XXXIV. That all Treasurers, Judges, Masters of the Rolls, Sheriffs, Justices of the Peace, and other officers and persons whatsoever, relating to courts, or trials of causes, or any other service in the government; and all Members elected to serve in provincial Council and General Assembly, and all that have right to elect such Members, shall be such as possess faith in Jesus Christ, and that are not convicted of ill fame, or unsober and dishonest conversation, and that are of one and twenty years of age, at least; and that all such so qualified, shall be capable of the said several employments and privileges, as aforesaid.
XXXV. That all persons living in this province, who confess and acknowledge the one Almighty and eternal God, to be the Creator, Upholder and Ruler of the world; and that hold themselves obliged in conscience to live peaceably and justly in civil society, shall, in no ways, be molested or prejudiced for their religious persuasion, or practice, in matters of faith and worship, nor shall they be compelled, at any time, to frequent or maintain any religious worship, place or ministry whatever.
XXXVI. That, according to the good example of the primitive Christians, and the case of the creation, every first day of the week, called the Lord’s day, people shall abstain from their common daily labour, that they may the better dispose themselves to worship God according to their understandings.
XXXVII. That as a careless and corrupt administration of justice draws the wrath of God upon magistrates, so the wildness and looseness of the people provoke the indignation of God against a country: therefore, that all such offences against God, as swearing, cursing, lying, prophane talking, drunkenness, drinking of healths, obscene words, incest, sodomy, rapes, whoredom, fornication, and other uncleanness (not to be repeated) all treasons, misprisons, murders, duels, felony, seditions, maims, forcible entries, and other violences, to the persons and estates of the inhabitants within this province; al prizes, stage-plays, cards, dice, May-games, gamesters, masques, revels, bull-baitings, cock-fightings, bear-baitings, and the like, which excite the people to rudeness, cruelty, looseness, and irreligion, shall be respectively discouraged, and severely punished, according to the appointment of the Governor and freemen in provincial Council and General Assembly; as also all proceedings contrary to these laws, that are not here made expressly penal.
XXXVIII. That a copy of these laws shall be hung up in the provincial Council, and in public courts of justice: and that they shall be read yearly at the opening of every provincial Council and General Assembly, and court of justice; and their assent shall be testified, by their standing up after the reading thereof.
XXXIX. That there shall be, at no time, any alteration of any of these laws, without the consent of the Governor, his heirs, or assigns, and six parts of seven of the freemen, met in provincial Council and General Assembly.

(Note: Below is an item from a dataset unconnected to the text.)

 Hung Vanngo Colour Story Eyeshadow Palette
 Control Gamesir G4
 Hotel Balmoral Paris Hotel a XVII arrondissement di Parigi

XL. That all other matters and things not herein provided for, which shall, and may, concern the public justice, peace or safety of the said province; and the raising and imposing taxes, customs, duties, or prudence and determination of the Governor and freemen, in provincial Council and General Assembly, to be held, from time to time, in the said province.
Signed and sealed by the Governor and freemen aforesaid, the fifth day of the third month, called May, one thousand six hundred and eighty-two.